The students of the Ida Rieu School and College for the Deaf and Blind started the walk from their institution and after walking through various roads came to the Mazar-i- Quaid and offered fateha.

Noted social worker and artist Jimmy Engineer, Mahar Alavi and Qudsia Khan of the Ida Rieu on the occasion demanded that the issues being faced by the handicapped people in general and visually impaired people be solved on priority basis.

They said that in the western countries the governments provided various facilities to the handicapped people but here they were not even being given their due rights.

The speakers said that the government had fixed a two per cent quota in employment for the handicapped people so they could earn a respectable livelihood and could play their role in strengthening of the economy but it was never fully implemented.

The speakers slammed the politicians for making tall claims and fake promises for the uplift of the handicapped citizens and for not taking any practical steps for the same.

They demanded that practical and concrete steps be taken so that the problems being faced by the handicapped people.

IFTAR PARTY: An iftar party was organized for the handicapped children, who had taken part in the walk, by the social worker Jimmy Engineer at a fast food outlet.

The visually impaired students from the Ida Rieu recited naats, and later took part in a quiz based on Islamic history.

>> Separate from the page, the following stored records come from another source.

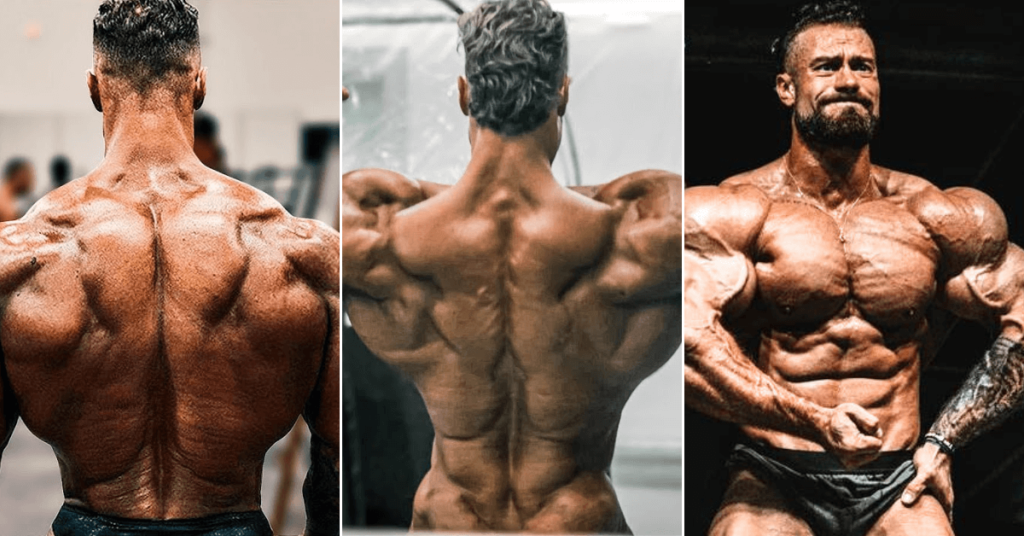 Chris Bumstead Builds A Rock Solid Back For 2023 Olympia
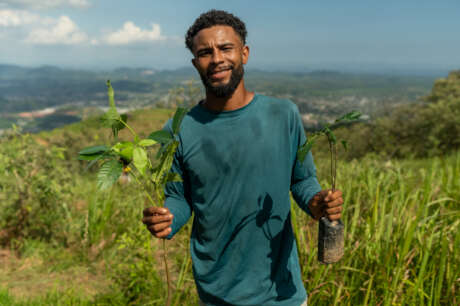 Reforesting the Atlantic Rainforest of Brazil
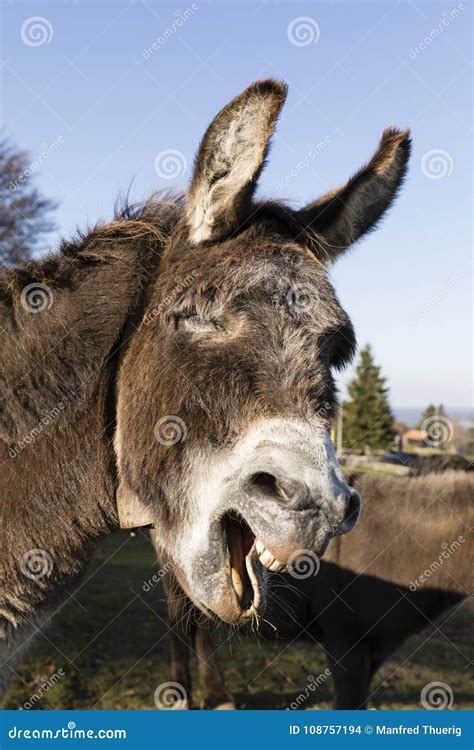 A Gray Donkey is Screaming Around in Switzerland Stock Photo - Image of ...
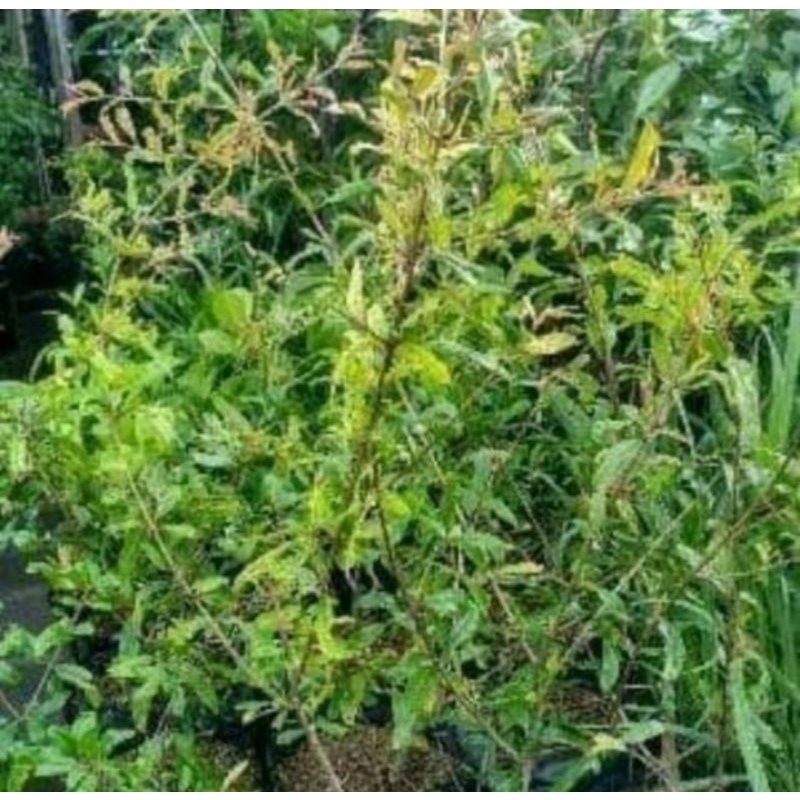 bibit delima merah jumbo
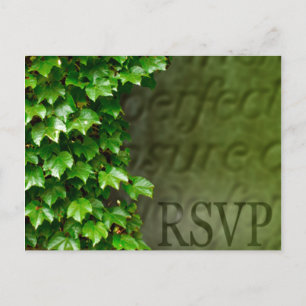 RSVP Event And Wedding Invitation Postcard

Reportedly there are 1.5 million - two thirds of them women – visually impaired people in the country and according to the National Survey on Blindness and Low Vision, conducted by the Federal Health Ministry during 2002-04, prevalence of blindness has declined from 2.08 million to 1.58 million though the population has increased.

Number of people suffering from blindness in Punjab is approximately 0.9 million, 0.3 million in Sindh, 180,000 in the NWFP, 80,000 in Balochistan and 5,000 in the FATA.

Five major causes of blindness, majority of which are said to be preventable and curable, in the country are said to be cataract (53 per cent), scarring of cornea (14 per cent), glaucoma (7 per cent), refractive errors (3 per cent) and macular degeneration (2 per cent).